AVAILABLE DATA ::
---
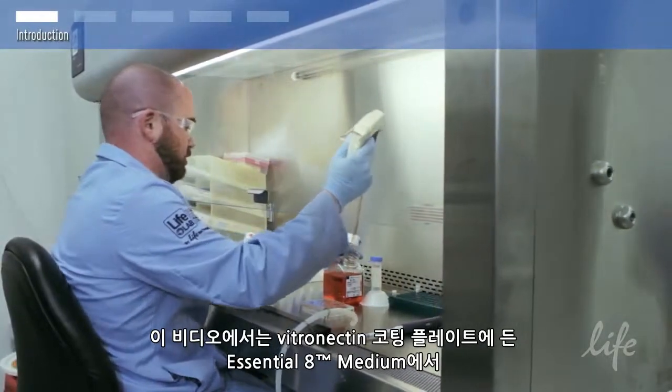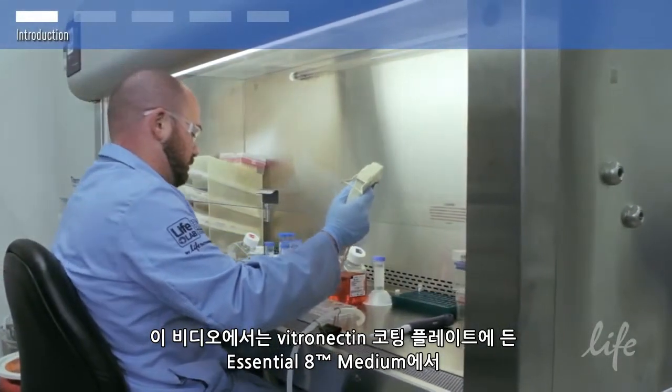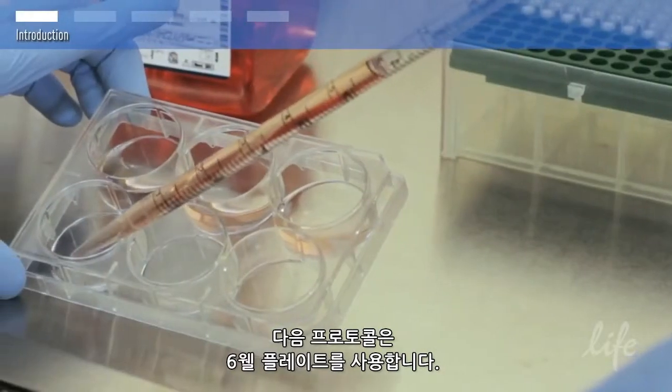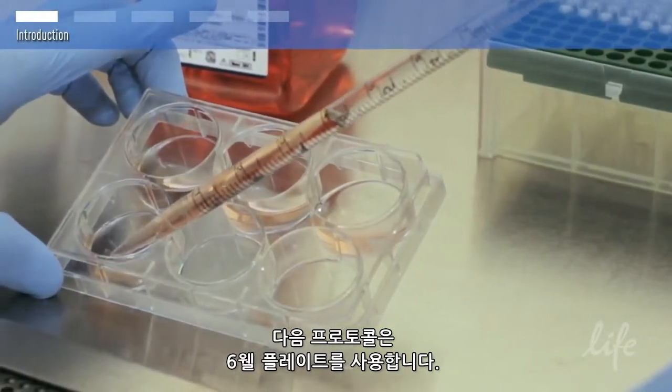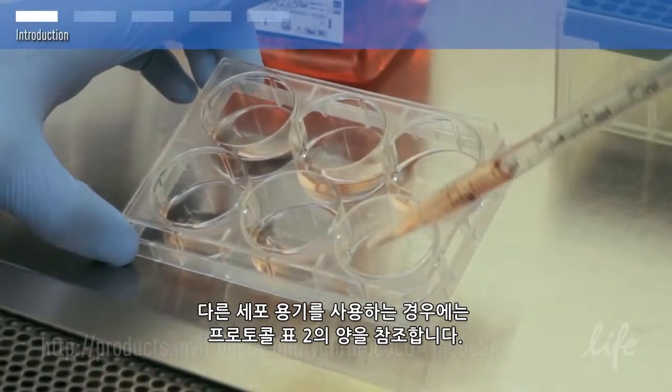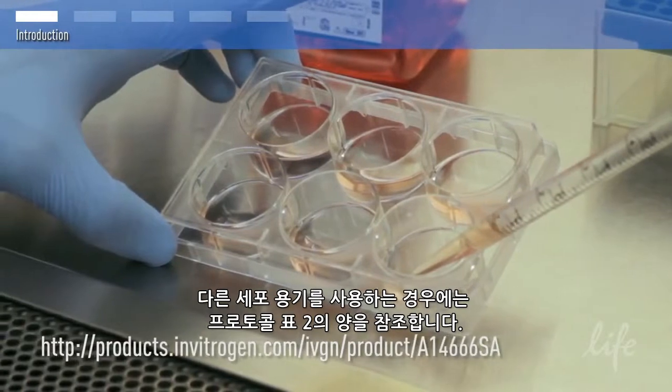This video will show you how to passage PSCs with EDTA in Essential 8 medium and vitronectin-coated plates. The following protocol uses a six-well plate. If you are using another type of cell culture vessel, please refer to table 2 on the written protocol for volumes.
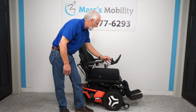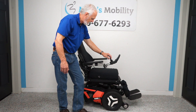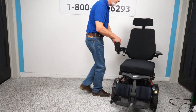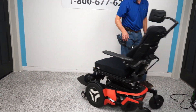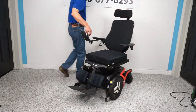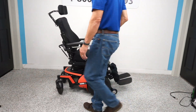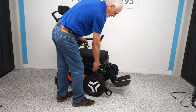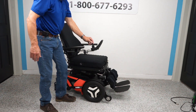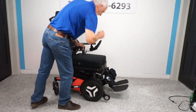We're going to put the chair back in drive and show you how it turns in a circle. That's what you're looking at for turning radius in your house. If you want a tighter circle, bring the legs all the way in — right now the legs are extended out, bring them in and you'll have a better turning radius.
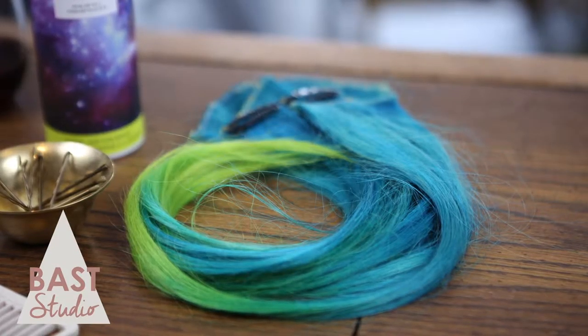The clip-in extensions I will be using are about 16 inches long, made of natural human hair, and have been custom dyed to match my color.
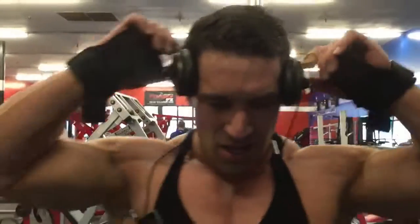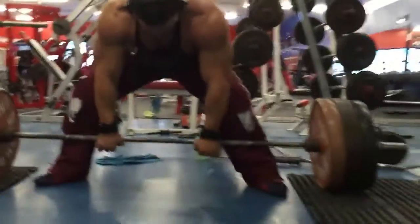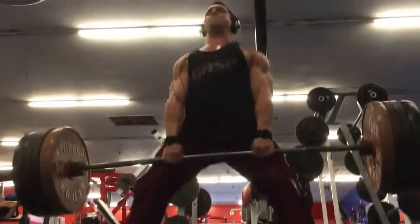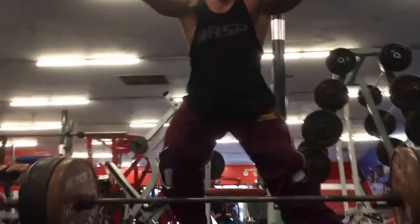Watch how hard this is. I rested 10 minutes and just got 50. I could probably get 20 now. So if you do a hard set, your body just can't recover. It's just done.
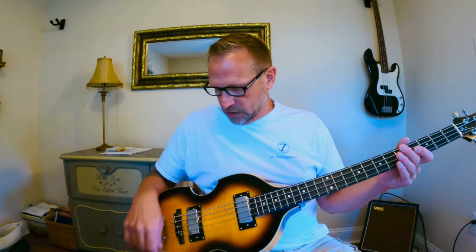These still have the original strings that came from the Thomann factory in Germany that it was sent with. You can go check out the specs on it if you want, but I just want to do a little sound sample. I have it in the rhythm section with both pickups on, so here's a little sound sample.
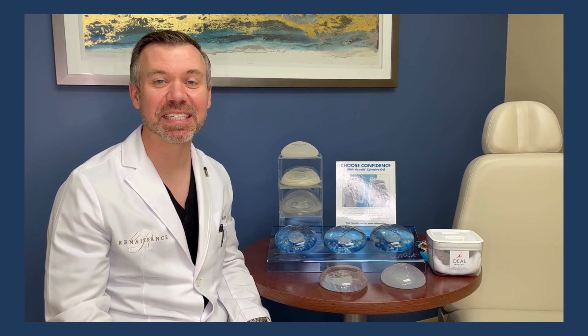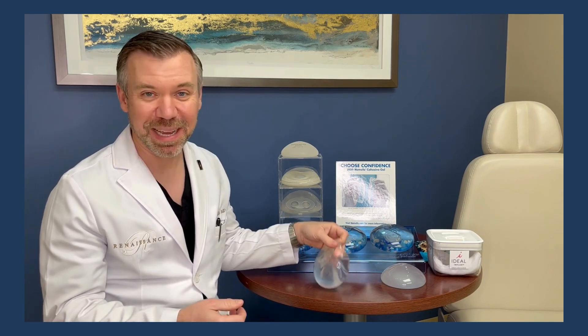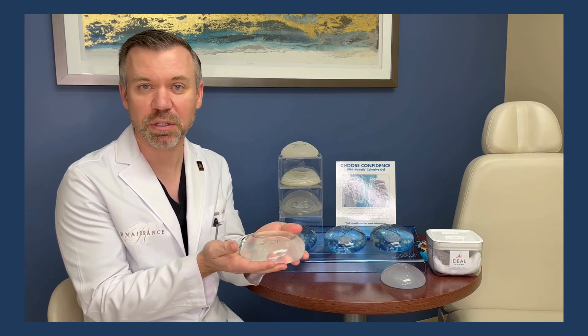Let's talk about the differences in a couple different saline implants. These are saltwater implants, which means they're just filled with saltwater. There's the most basic type of saline implant, in which case it is essentially a fancy water balloon. It maintains its shape just based upon the amount of saltwater that you put into the implant.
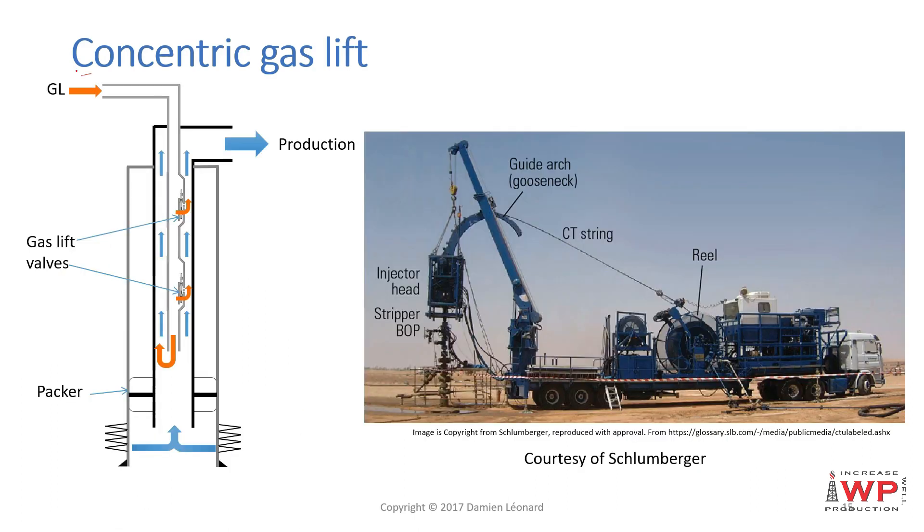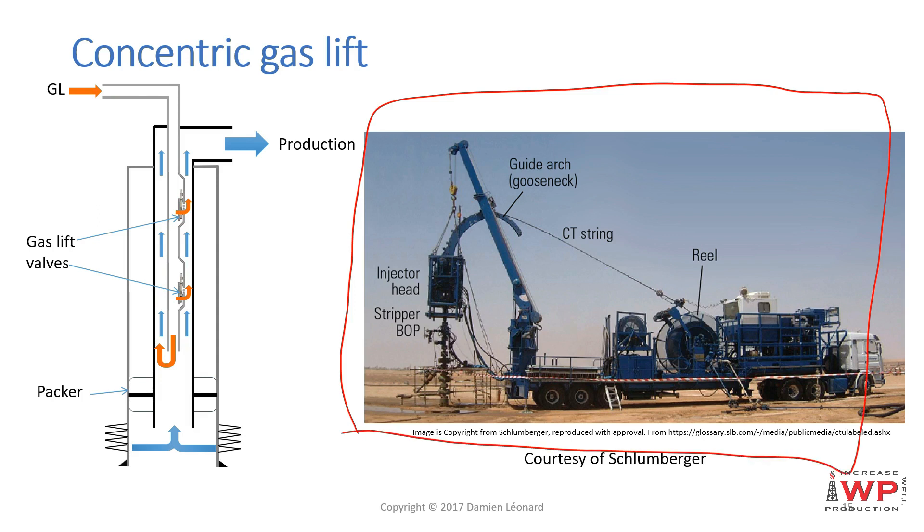A very common application of concentric gas lift is the temporary injection of nitrogen across a coil tubing in order to lift a well if there is trouble restarting it following drilling or a workover. In this setup, a reel carries the coil which is run into the well. The coil is then connected to a source of high-pressure nitrogen, which is injected inside the coil to lift the well.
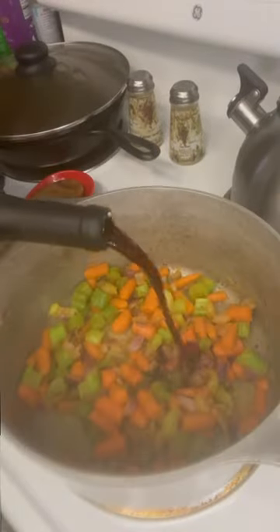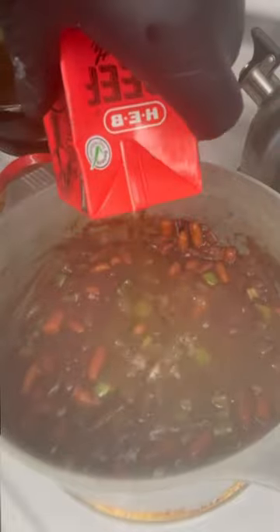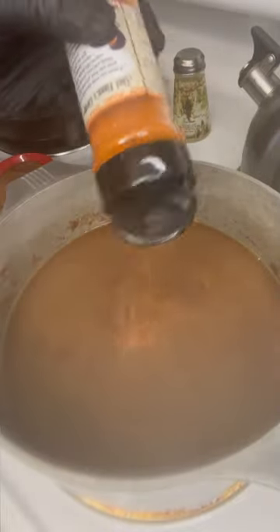Then we're going to add our Trinity blend, then our flour. We're going to glaze it with some red wine once that cooks down. Then we're going to add our beef broth, beef broth paste, and some more barbecue seasoning.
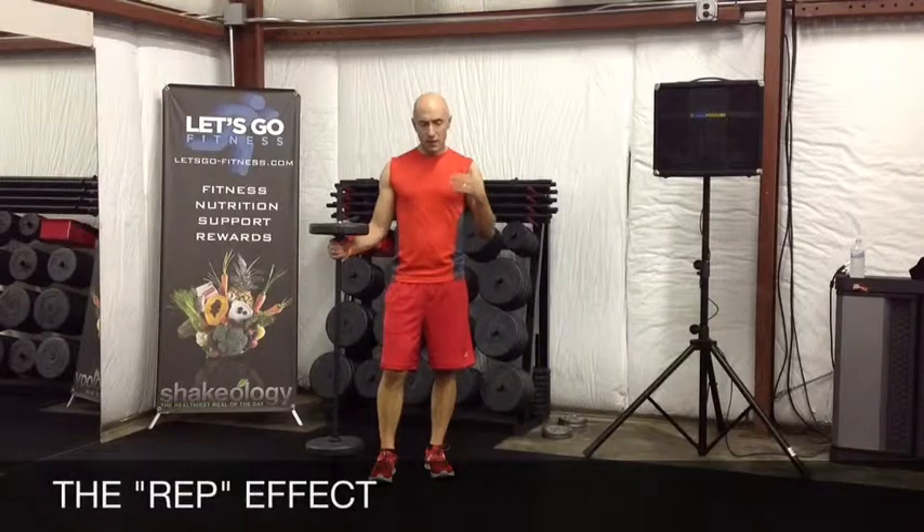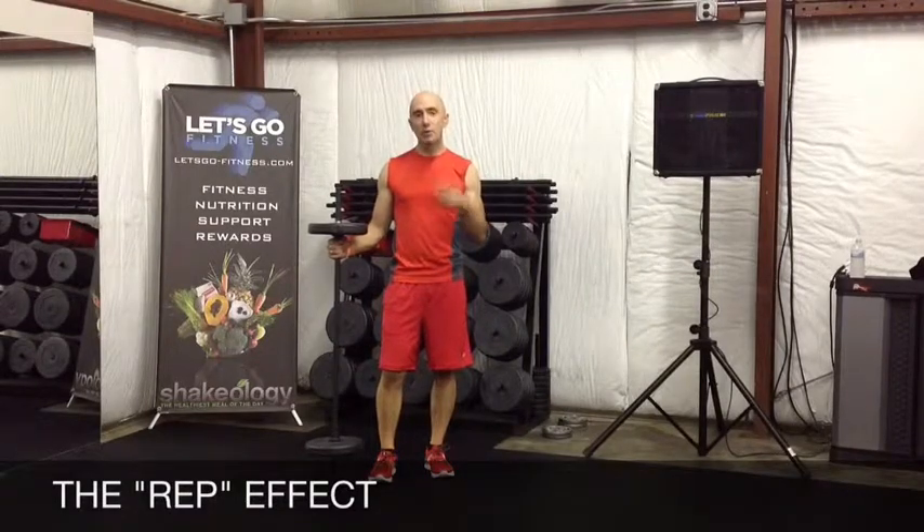Hi there, Coach Dan here. I want to introduce you to Les Mills Body Pump. Body Pump is a program based on a concept called the Rep Effect — you're getting high reps with lower weights.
---
YOUR OBJECTIVE :: Output all of the records word for word, and keep the pictures out of the copy.

COMPLETED EXERCISE ::
This video will show you how to passage PSCs with EDTA in Essential 8 medium and vitronectin-coated plates. The following protocol uses a six-well plate. If you are using another type of cell culture vessel, please refer to table 2 on the written protocol for volumes.
We're going to put the chair back in drive and show you how it turns in a circle. That's what you're looking at for turning radius in your house. If you want a tighter circle, bring the legs all the way in — right now the legs are extended out, bring them in and you'll have a better turning radius.
The clip-in extensions I will be using are about 16 inches long, made of natural human hair, and have been custom dyed to match my color.
Watch how hard this is. I rested 10 minutes and just got 50. I could probably get 20 now. So if you do a hard set, your body just can't recover. It's just done.
These still have the original strings that came from the Thomann factory in Germany that it was sent with. You can go check out the specs on it if you want, but I just want to do a little sound sample. I have it in the rhythm section with both pickups on, so here's a little sound sample.
Let's talk about the differences in a couple different saline implants. These are saltwater implants, which means they're just filled with saltwater. There's the most basic type of saline implant, in which case it is essentially a fancy water balloon. It maintains its shape just based upon the amount of saltwater that you put into the implant.
A very common application of concentric gas lift is the temporary injection of nitrogen across a coil tubing in order to lift a well if there is trouble restarting it following drilling or a workover. In this setup, a reel carries the coil which is run into the well. The coil is then connected to a source of high-pressure nitrogen, which is injected inside the coil to lift the well.
Then we're going to add our Trinity blend, then our flour. We're going to glaze it with some red wine once that cooks down. Then we're going to add our beef broth, beef broth paste, and some more barbecue seasoning.
Hi there, Coach Dan here. I want to introduce you to Les Mills Body Pump. Body Pump is a program based on a concept called the Rep Effect — you're getting high reps with lower weights.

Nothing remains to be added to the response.